Tetris is one of those games that I equate to comfort food. The timing is perfect because as the weather gets colder and the seasonal travel increases, the ability to access this digital comfort food is very welcome indeed. Tetris has been around long enough now that fans are in for very few surprises, but that is not necessarily a bad thing.
The basic game of Tetris has been around a long time, and its core hook – throwing patterns of blocks created out of four segments at the player at increasing speeds – is still as addictive as ever. Spin and drop the blocks to fill lines and keep the pile of misshapen blocks from reaching the top of the screen. Simple, fun – one of the few games I could get my dad to play with me on my old NES a couple of decades ago.

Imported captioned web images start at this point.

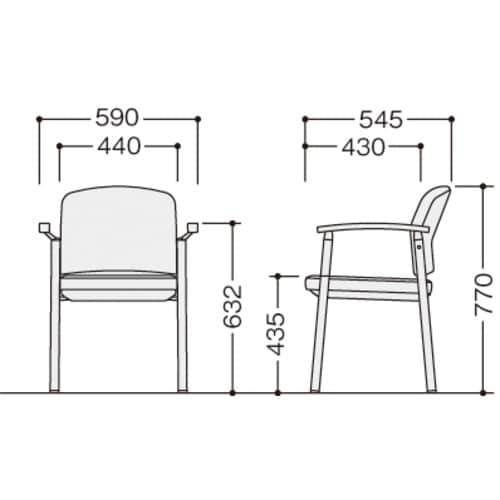 NAIKI ミーティングチェアー(肘付) E433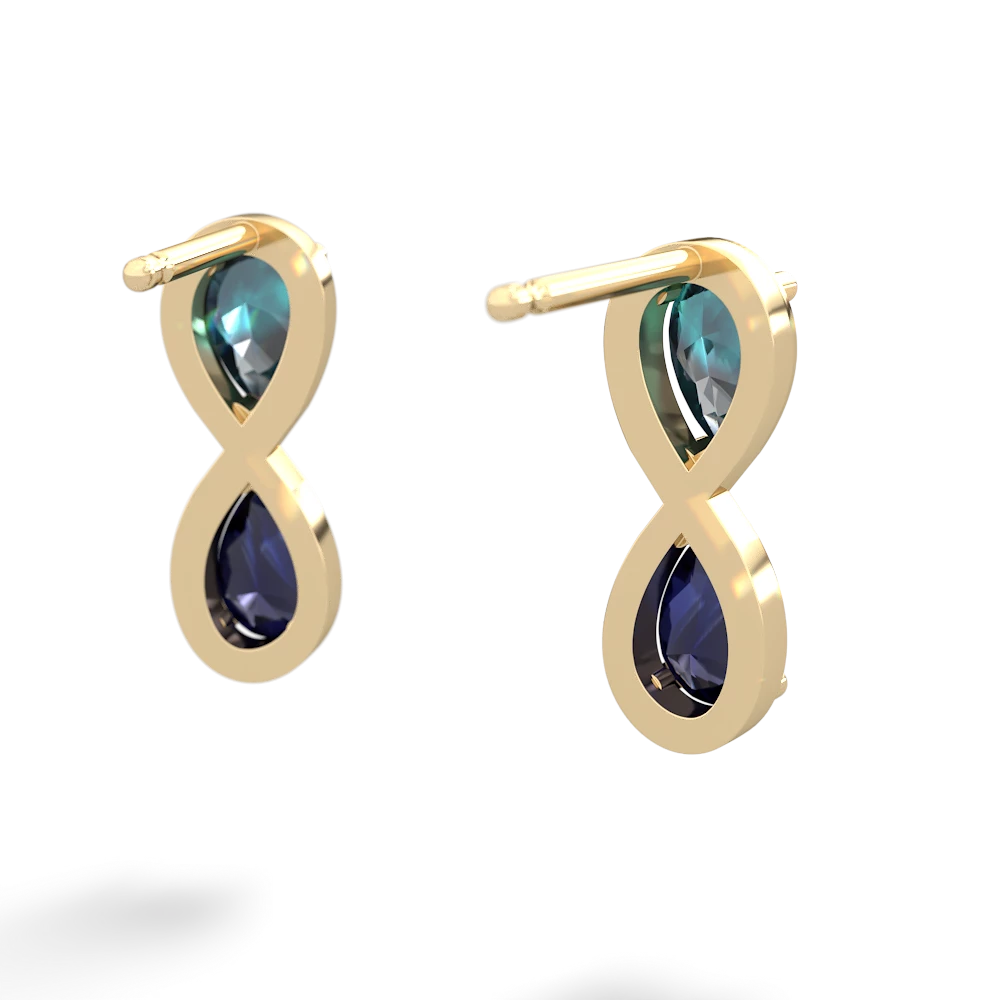 Alexandrite Infinity 14K Yellow Gold earrings E5050
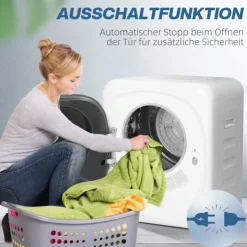 Northio Torktumlare-Kompakt torktumlare, 4 kg kapacitet, 5 lägen, timer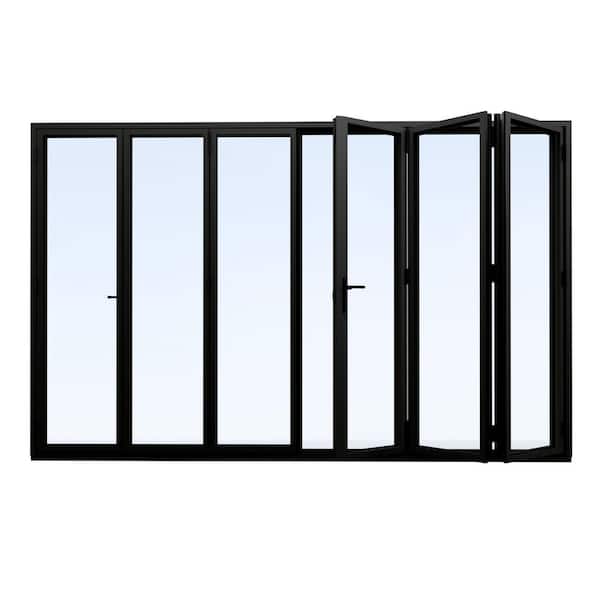192 in. x 96 in. Left Swing/Outswing Double Tempered Glass Black Aluminum Folding Patio Door (3-Folding Plus 3-Folding)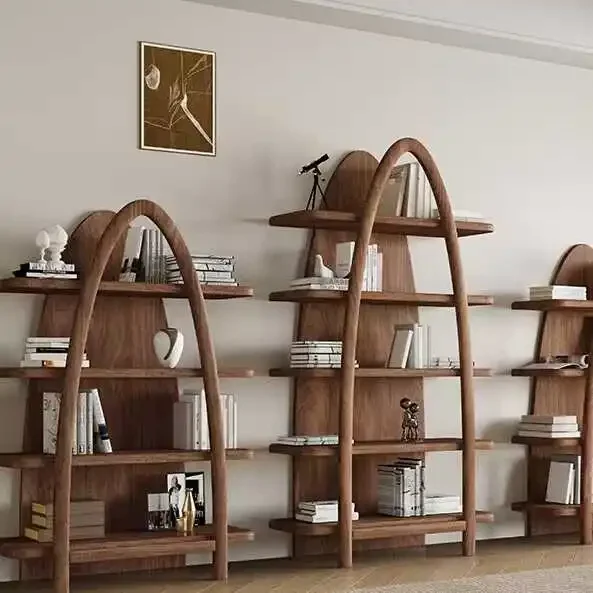 North American Black Walnut Bookshelf Shelf, Floor Display Cabinet Multi-layer Storage Rack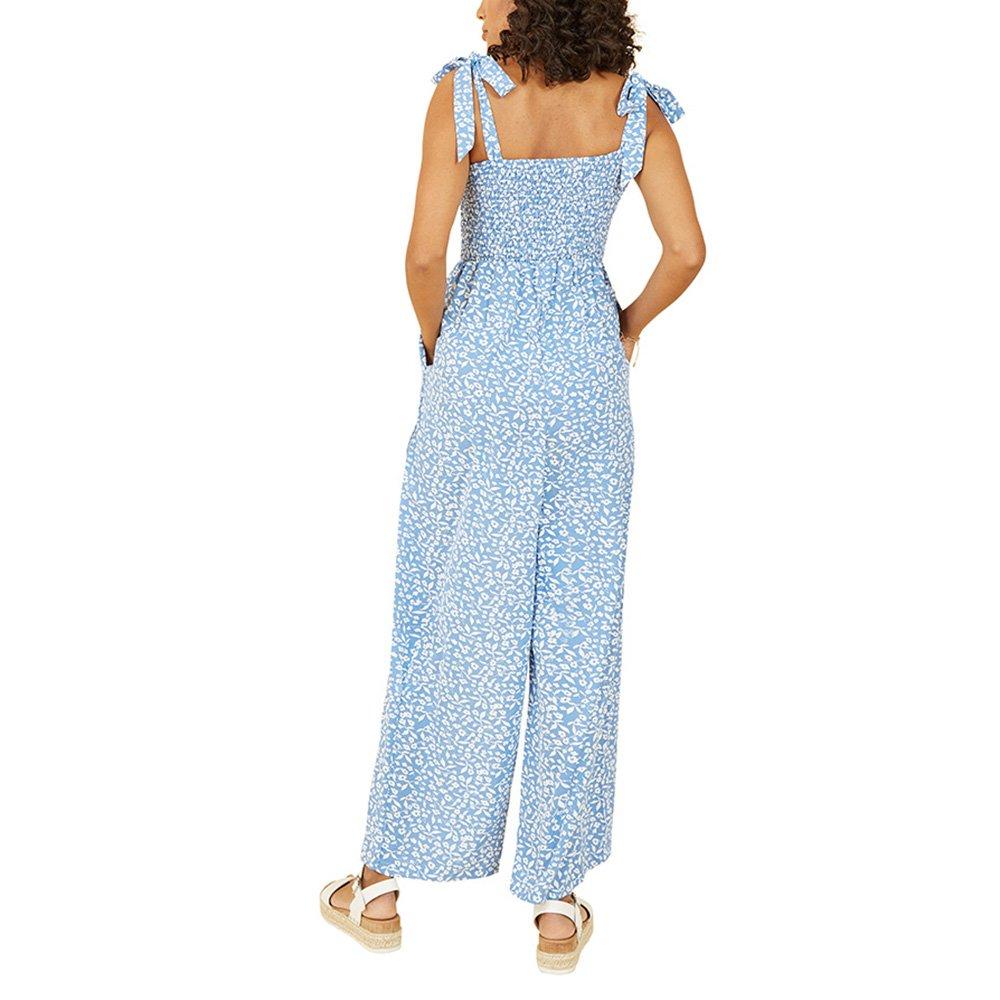 Blue - Mela London - Women's Ruched Jumpsuit - 4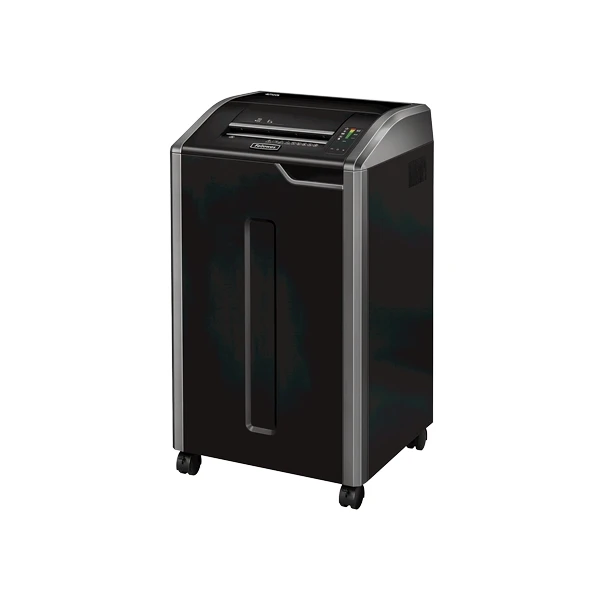 Trituradora de papel Fellowes 425HS Corte manual de micropartículas P-7 Alta segurança - Destrói 10 folhas por vez - Capacidade do compartimento 121L - Cor Preto/Cinza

Once again the property has moved on to a new development team (remember when Tengen had all those problems with Nintendo years ago? Now it seems like the Tetris property changes hands every few years or so). Still, the more things change, the more they stay the same. There are a handful of different offline modes meant to add variety to the familiar Marathon mode. Endless, Sprint, Battle and Invisible are examples of some of the modes you can play. The variety provided are met with varying degrees of success. Rotation Lock keeps you from turning the blocks at all, while Invisible means you cannot see the pieces you have already put down. The former works far better than the latter.
The list of modes is impressive (though I recall the PSN version of Tetris providing just a few more several years ago on the PlayStation 3), but the bulk of your time will likely be spent in online modes. Here there is a healthy competition between players who want to not only rid their screen of lines – but add lines to their opponent’s stack. It is the true and tried formula that the old Nintendo version of Tetris missed but more recent iterations have down pat.

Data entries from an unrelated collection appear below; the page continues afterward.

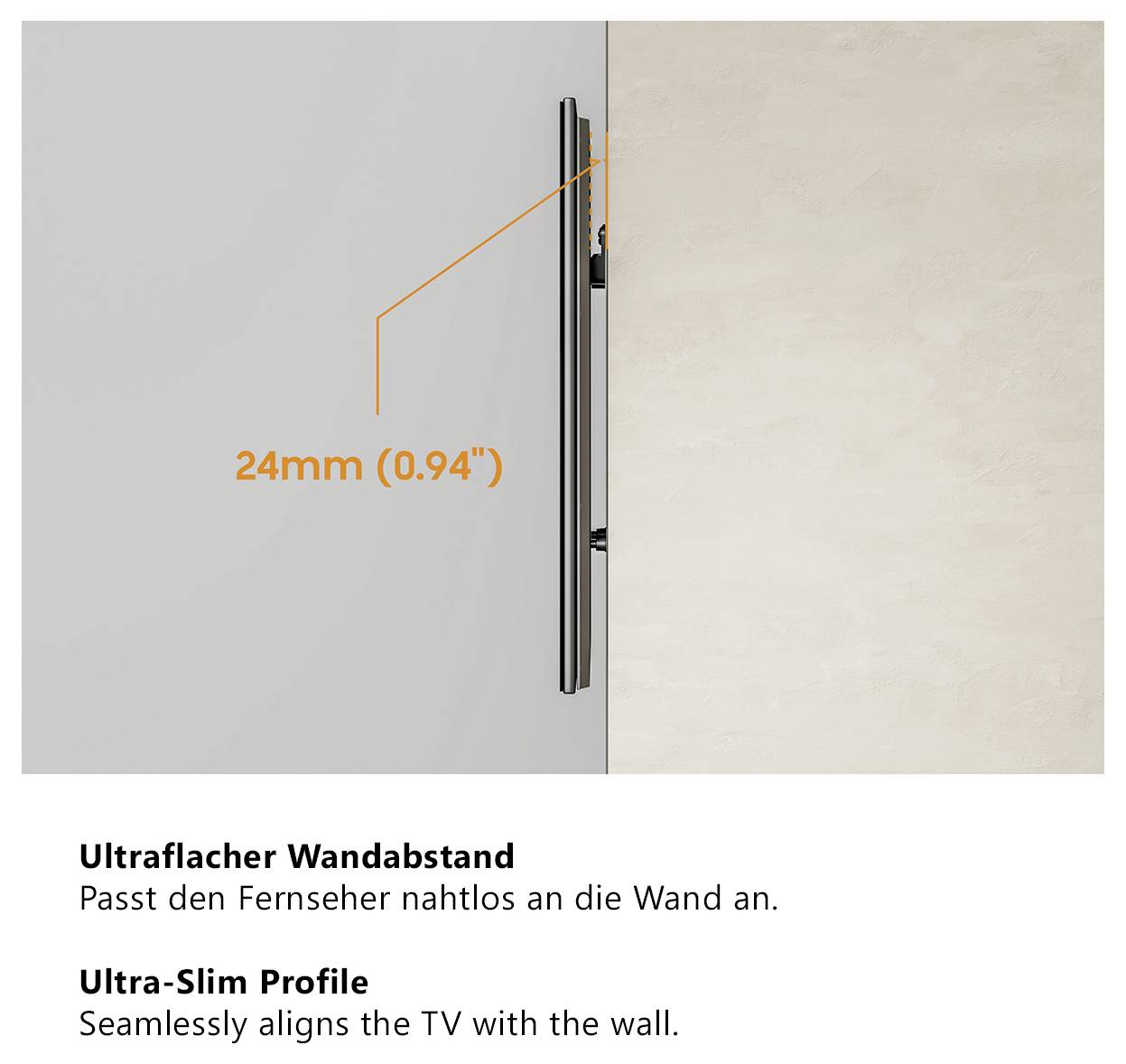 Diagramm eines TV-Wandhalters: ultraflaches Profil mit 24 mm Wandabstand, passt den Fernseher nahtlos an die Wand an.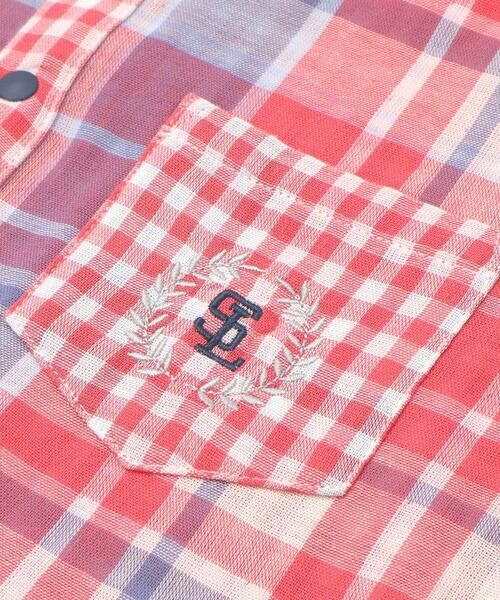 SLAP SLIP / スラップ スリップ シャツ・ブラウス | 【お揃い】ポケット付きダブルガーゼリバーシブル半袖チェックシャツ(80~130cm) | 詳細9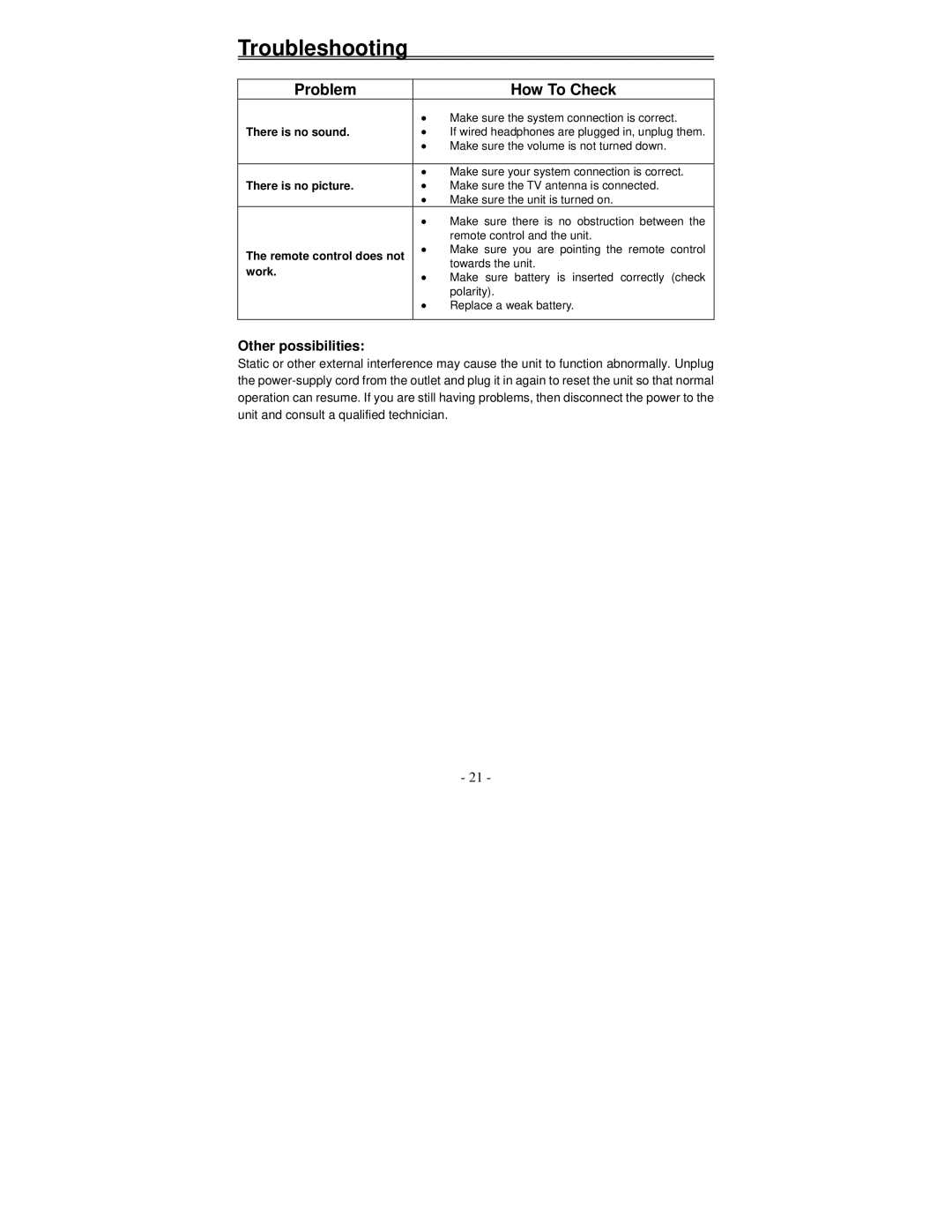 Polaroid FLM-0711LA manual Troubleshooting, Problem How To Check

Visually… well, this is Tetris. The screens are clean and I appreciate the grid in the background for ‘lining things up’. The blocks are colorful and the use of Miis to help identify players is a nice touch. Something about the remixed music does not sit quite as well with me as some of the classic, original tunes Tetris is so well known for. All in all, a nice presentation, but much like the modes in question – we are not reinventing the wheel here.
On the one hand, that is fine. Tetris is tried and true. Unfortunately with modes that have shown up in various incarnations over the past years through other releases. It would have been nice to see a few more modes or options cooked up. What? I do not know myself to be perfectly honest – if I did I would be busy trying to program the next great Tetris title. As it is, I have to settle for playing them, and Tetris Ultimate still provides plenty of fun on that front.
If you enjoy Tetris and its mind-bending nature of escalating speeds and difficulty, then Tetris Ultimate is going to suit you just fine. If you have other versions of Tetris, such as Tetris 3D from a couple of years ago on your 3DS, there probably is not enough reason to buy it again this time around. If you lack any form of Tetris for your 3DS however, Tetris Ultimate is a great title worth bringing along on all of that holiday travel and absolutely worth spending some time with.